Report Sees Nuclear Arms, Scarce Resources as Seeds of Global Instability(excerpted)
The drive for dwindling resources, including energy and water, combined with the spread of nuclear weapons technology could make large swaths of the globe ripe for regional conflicts, some of them potentially devastating, according to a report released by the National Intelligence Council yesterday.
The report, Global Trends 2025, covers a range of strategic issues, including great-power rivalry, demographics, climate change, terrorism, nuclear proliferation, energy and natural resources. It makes for sometimes grim reading in imagining a world of weak states bristling with weapons of mass destruction and unable to cope with burgeoning populations without adequate water and food.
"Those states most susceptible to conflict are in a great arc of instability stretching from Sub-Saharan Africa through North Africa, into the Middle East, the Balkans, the Caucasus, and South and Central Asia, and parts of Southeast Asia," the quadrennial report says.
At the heart of its deepest pessimism is the Middle East, which it suggests could tip into a nuclear arms race if Iran goes ahead with such weapons.
The prospect of a nuclear-armed Iran spawning a nuclear arms race in the greater Middle East will bring new security challenges to an already conflict-prone region, particularly in conjunction with the proliferation of long-range missile systems," the report says.
". . . If nuclear weapons are used destructively in the next 15-20 years, the international system will be shocked as it experiences immediate humanitarian, economic, and political-military repercussions."
The United States "will have less power in a multipolar world than it has enjoyed for many decades," according to the report's authors, who consulted policy- and opinion-makers in America and abroad over the past 12 months.
". . . We believe that U.S. interest and willingness to play a leadership role also may be more constrained as the economic, military, and opportunity costs of being the world's leader are reassessed by American voters."
China is said to be "poised to have more impact on the world over the next 20 years than any other country." The study projects that by 2025, China will have the world's second-largest economy, behind the United States', and it "will be a leading military power."
Among the other major powers, Russia has the potential to be richer and more powerful, but only if it expands and diversifies its resources-driven economy.
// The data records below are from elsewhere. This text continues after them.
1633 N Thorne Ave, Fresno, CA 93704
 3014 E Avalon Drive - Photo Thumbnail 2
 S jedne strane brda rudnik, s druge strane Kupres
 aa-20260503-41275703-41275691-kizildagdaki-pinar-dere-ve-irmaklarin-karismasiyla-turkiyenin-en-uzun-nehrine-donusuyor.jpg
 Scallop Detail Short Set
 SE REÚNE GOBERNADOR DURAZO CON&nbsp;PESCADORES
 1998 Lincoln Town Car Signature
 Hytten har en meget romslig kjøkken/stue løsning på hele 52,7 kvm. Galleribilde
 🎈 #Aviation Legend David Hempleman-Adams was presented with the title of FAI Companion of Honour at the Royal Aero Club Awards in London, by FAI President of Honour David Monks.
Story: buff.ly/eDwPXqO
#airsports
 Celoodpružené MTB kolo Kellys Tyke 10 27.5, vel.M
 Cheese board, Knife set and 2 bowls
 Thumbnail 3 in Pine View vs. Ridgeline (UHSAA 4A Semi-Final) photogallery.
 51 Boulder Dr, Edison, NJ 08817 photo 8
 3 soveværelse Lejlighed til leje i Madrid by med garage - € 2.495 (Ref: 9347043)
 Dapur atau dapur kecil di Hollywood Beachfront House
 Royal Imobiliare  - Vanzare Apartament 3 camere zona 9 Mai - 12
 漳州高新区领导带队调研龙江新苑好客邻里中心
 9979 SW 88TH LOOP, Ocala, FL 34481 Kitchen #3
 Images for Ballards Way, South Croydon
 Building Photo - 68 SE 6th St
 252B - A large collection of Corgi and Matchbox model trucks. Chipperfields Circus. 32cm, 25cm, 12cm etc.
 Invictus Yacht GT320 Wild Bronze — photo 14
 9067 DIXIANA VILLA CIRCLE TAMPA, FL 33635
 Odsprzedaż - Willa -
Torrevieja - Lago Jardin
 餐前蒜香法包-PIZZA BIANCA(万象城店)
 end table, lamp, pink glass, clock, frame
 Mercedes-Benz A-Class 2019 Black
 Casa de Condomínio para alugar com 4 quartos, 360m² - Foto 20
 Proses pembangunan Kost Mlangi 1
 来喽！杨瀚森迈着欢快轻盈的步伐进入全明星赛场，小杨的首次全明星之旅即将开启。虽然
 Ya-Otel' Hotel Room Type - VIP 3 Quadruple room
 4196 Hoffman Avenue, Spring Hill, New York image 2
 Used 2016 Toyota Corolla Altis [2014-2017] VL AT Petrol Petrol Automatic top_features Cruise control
And the authors think that countries such as Indonesia, Turkey and a possible post-clerical Iran could play dynamic roles in their neighborhoods.
Looking into the distance at countries that are of major interest today, the study projected that Afghanistan will remain an essentially tribally centered nation facing continual conflict.
The future of Iraq does not look much better. The study sees internal ethnic, sectarian and tribal rivalries continuing, so that by 2025, "the government in Baghdad could still be an object of competition among the various factions seeking foreign aid and pride of place, rather than a self-standing agent of political authority, legitimacy, and economic policy."
Pakistan is described as a "wildcard," with its northwestern territories remaining "poorly governed" and cross-border activities continuing to cause instability in nearby areas of Afghanistan.